▸ Assigned task:
Set down, exactly as written, the lines from the top of the data to the line that holds "Rolf Benz Круглый", and omit the pictures.

▸ Records to use:
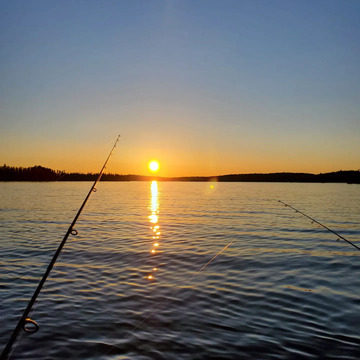 Enjoying the sunset on the lake
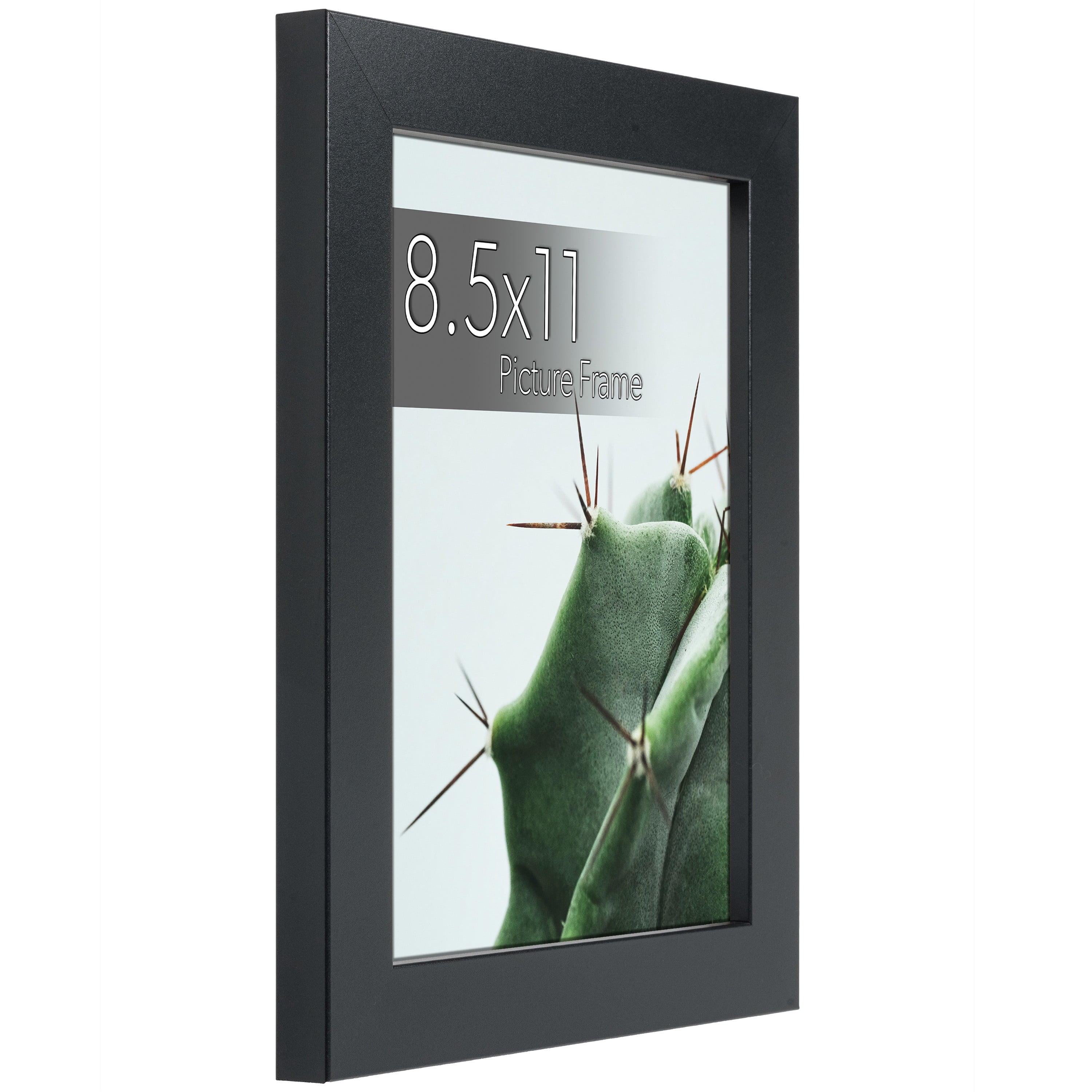 8.5x11 Picture Frame with Easel for Shelf Décor, Black Frame Displays Vertically or Horizontally, Includes High Clarity Glass, Set of 6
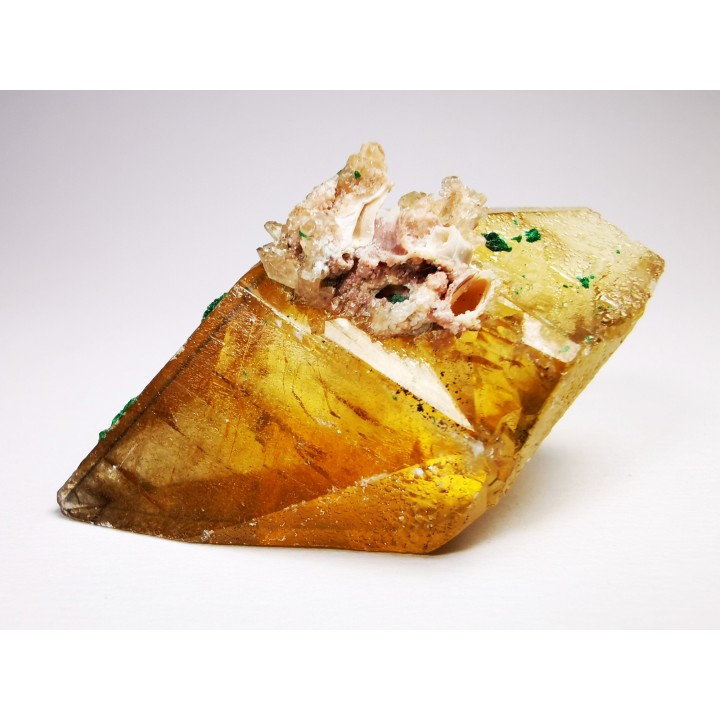 malachite sur calcite - Mashamba, Katanga, RDC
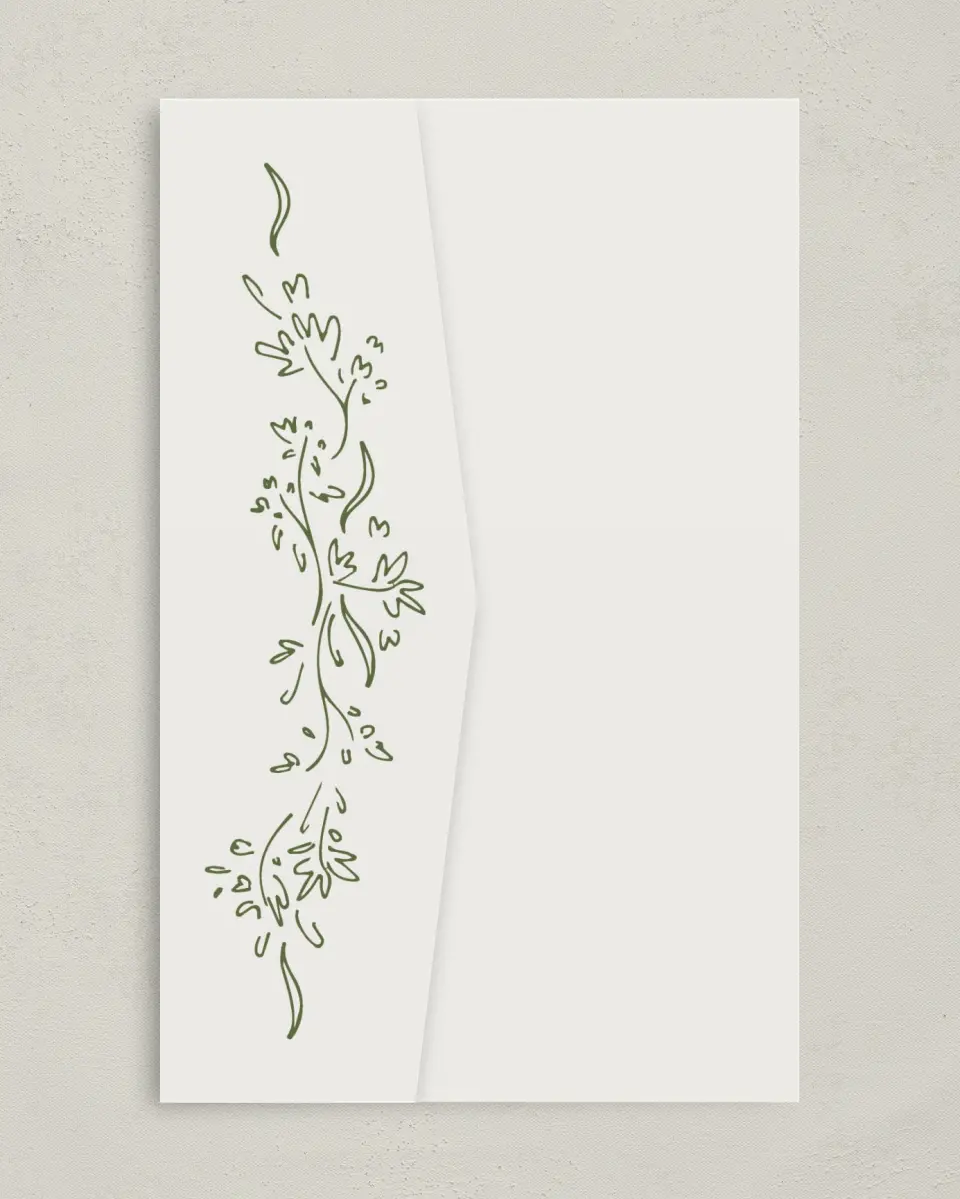 This is a 5" x 7⅞" Pocket Wedding Invitation called Sweet Woodland printed in full color on Premium Smooth paper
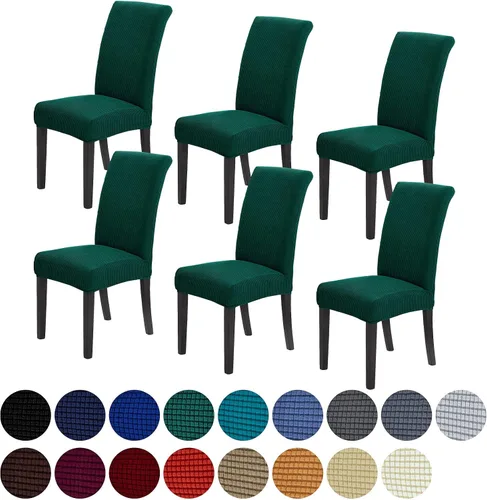 Vista 81 de Juego de 2 fundas para sillas de comedor, fundas elásticas para sillas de comedor, fundas para sillas de cocina de jacquard texturizadas, decoración
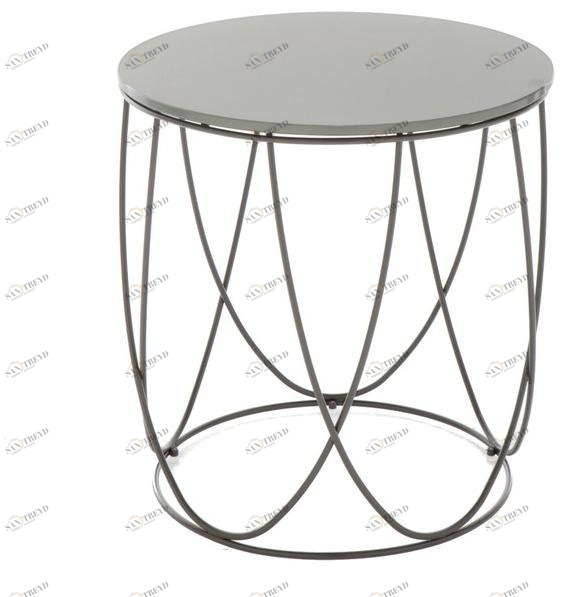 Rolf Benz Круглый журнальный столик из стали и стекла sun-id-1347306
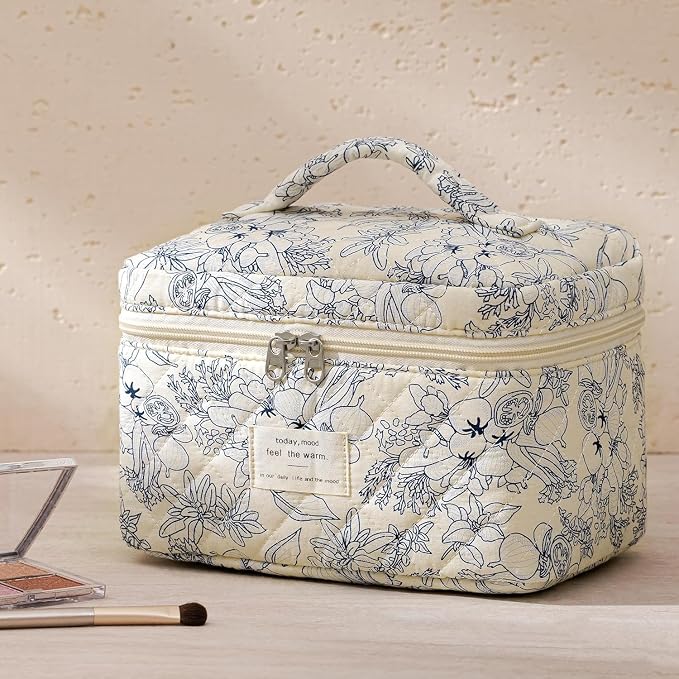 HBselect Quilted Makeup Bag, 3Pcs Cotton Large Travel Makeup Bags Organizer | Cute Floral Make up Bag Cosmetic Bag Toiletry Bag for Women Girls, Makeup Pouch for Skincare, Brushes & Travel Essentials - Image 6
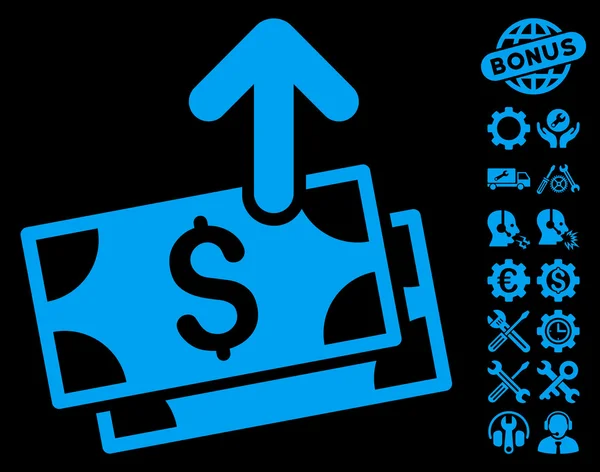 Verstuur bankbiljetten plat vector pictogram met extra bonus — Stockvector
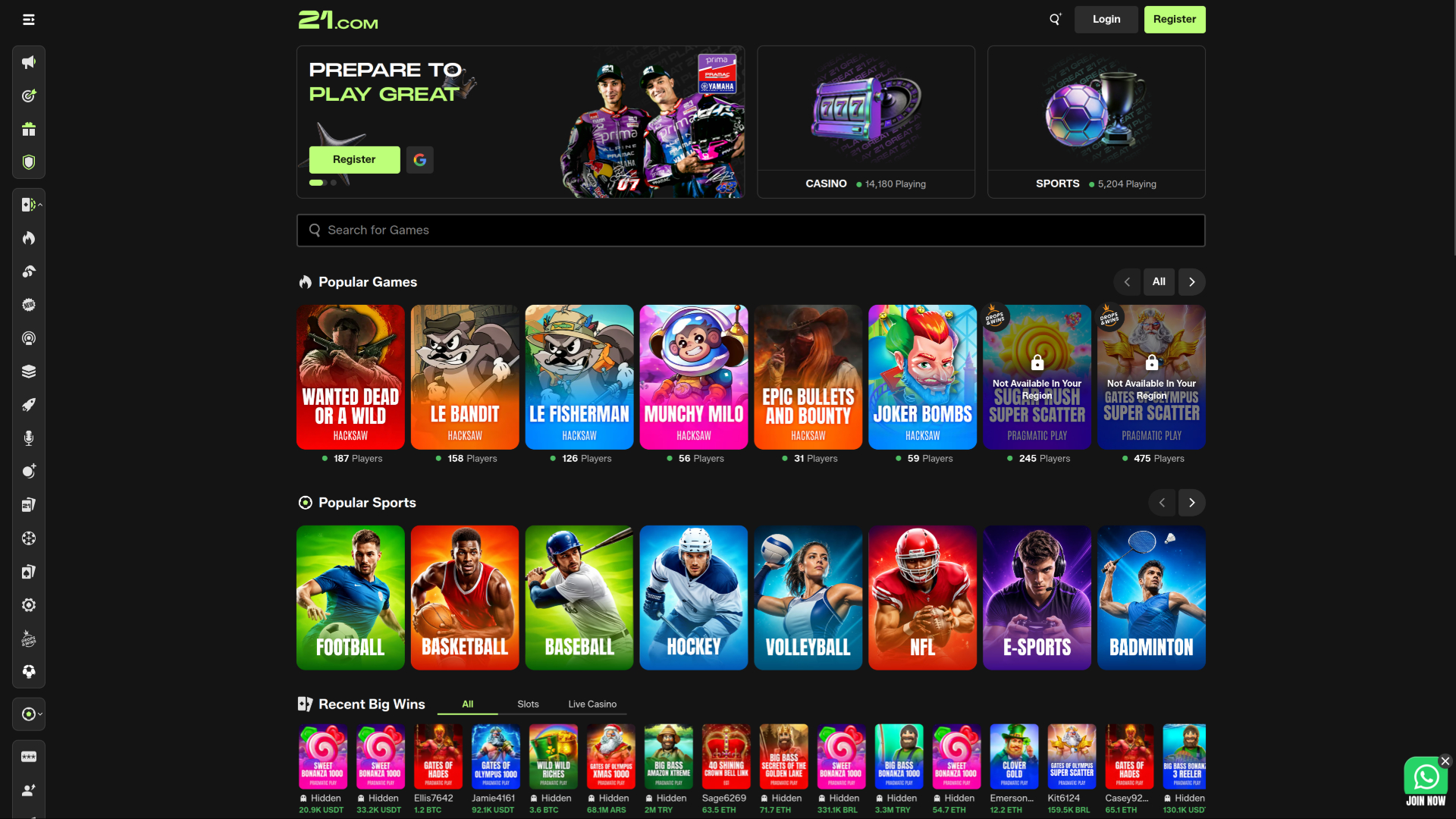 21.com Casino Desktop Homepage
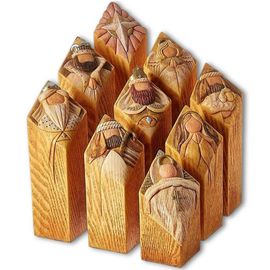 9 Pièces De Statues De Pilier De Noël, Sculptures De Figurines Vintage En Bois, Colonne De Lettres, Ornement, Artisanat, Cadeau De Festival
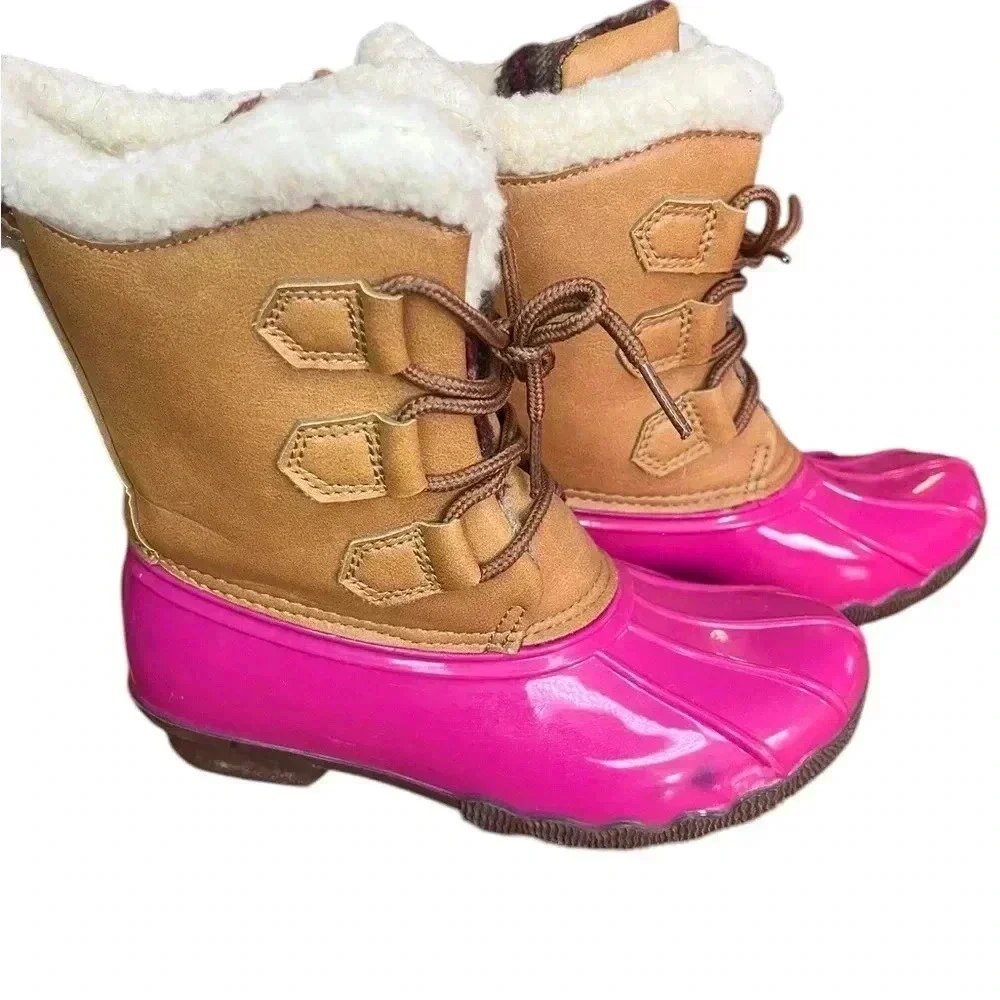 Girls sz 2 pink and brown duck boots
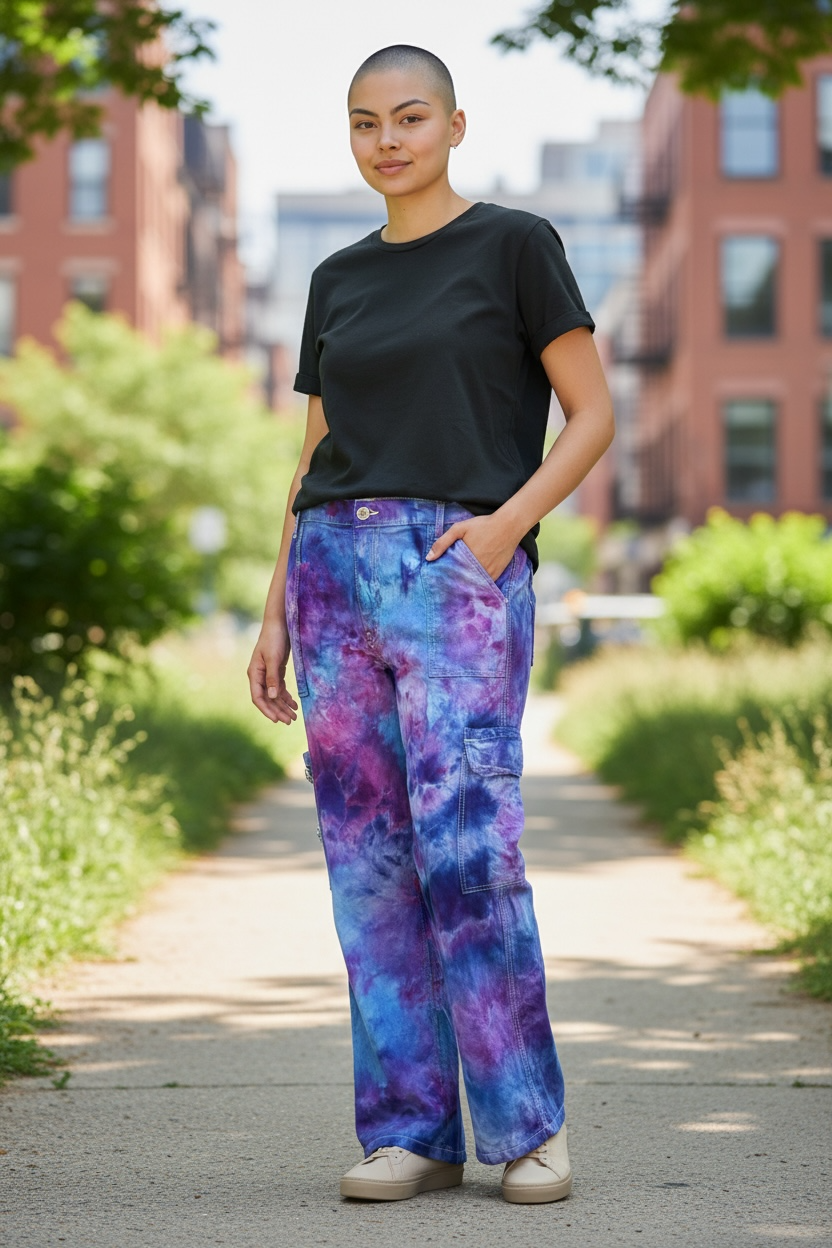 Large Cosmic Cloud Cargo Denim Pants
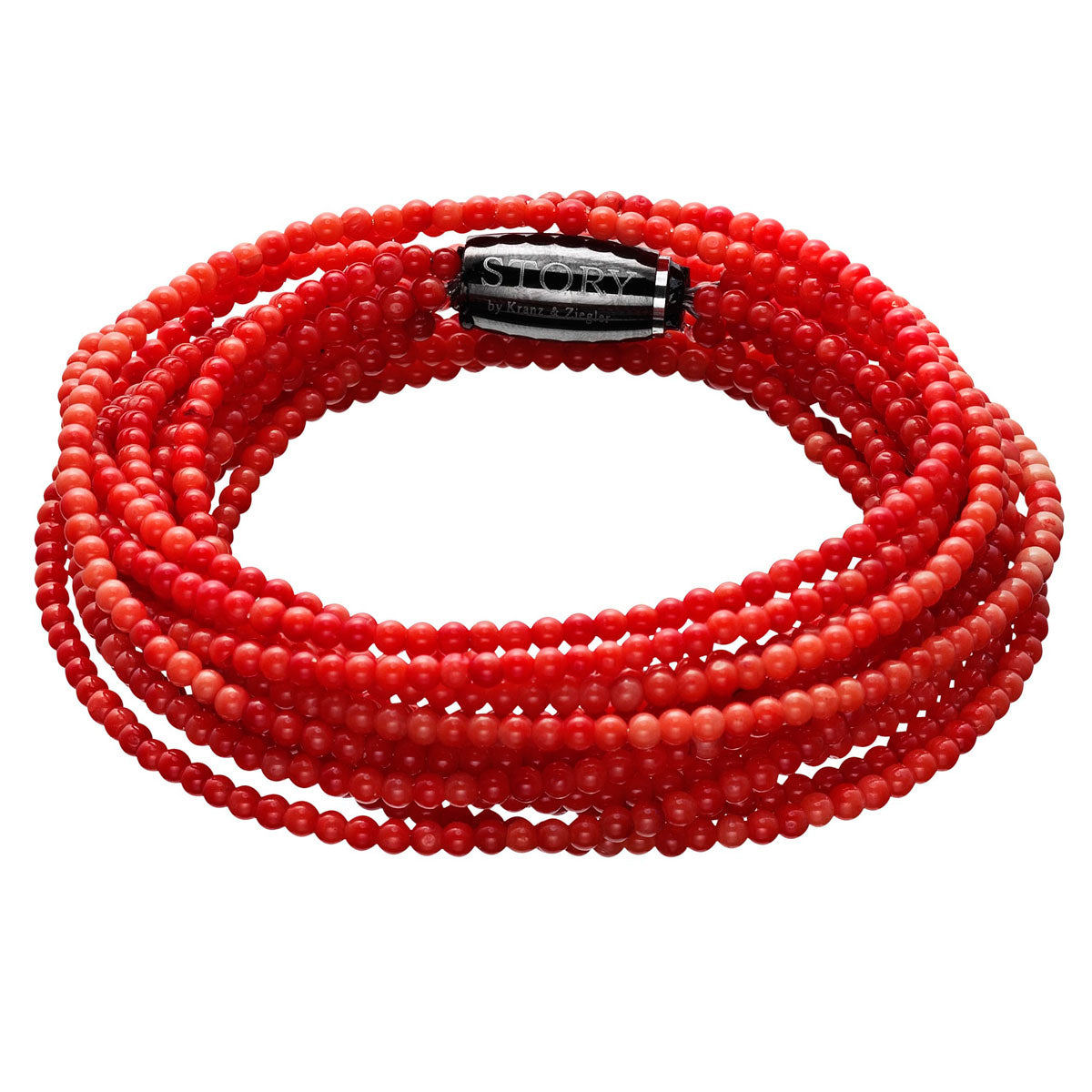 STORY by Kranz & Ziegler 5 Strand, Triple Wrap Coral Bracelet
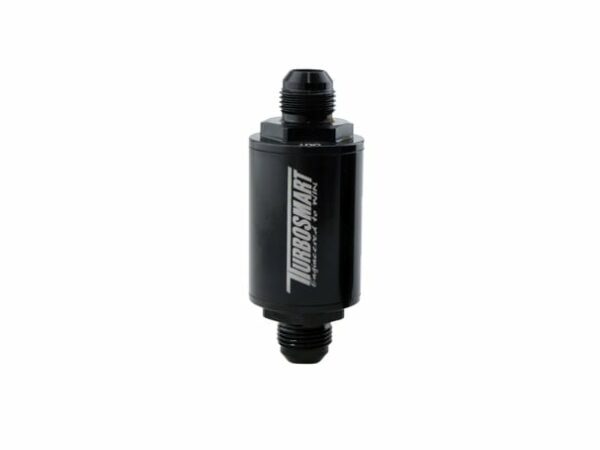 Turbosmart FPR Billet Filtro de combustible en línea 1.75 pulgadas OD 3.825 pulgadas Longitud AN-10 Entrada macho - Negro (TS-0402-1132)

▸ Result of the task:
 Enjoying the sunset on the lake
 8.5x11 Picture Frame with Easel for Shelf Décor, Black Frame Displays Vertically or Horizontally, Includes High Clarity Glass, Set of 6
 malachite sur calcite - Mashamba, Katanga, RDC
 This is a 5" x 7⅞" Pocket Wedding Invitation called Sweet Woodland printed in full color on Premium Smooth paper
 Vista 81 de Juego de 2 fundas para sillas de comedor, fundas elásticas para sillas de comedor, fundas para sillas de cocina de jacquard texturizadas, decoración
 Rolf Benz Круглый журнальный столик из стали и стекла sun-id-1347306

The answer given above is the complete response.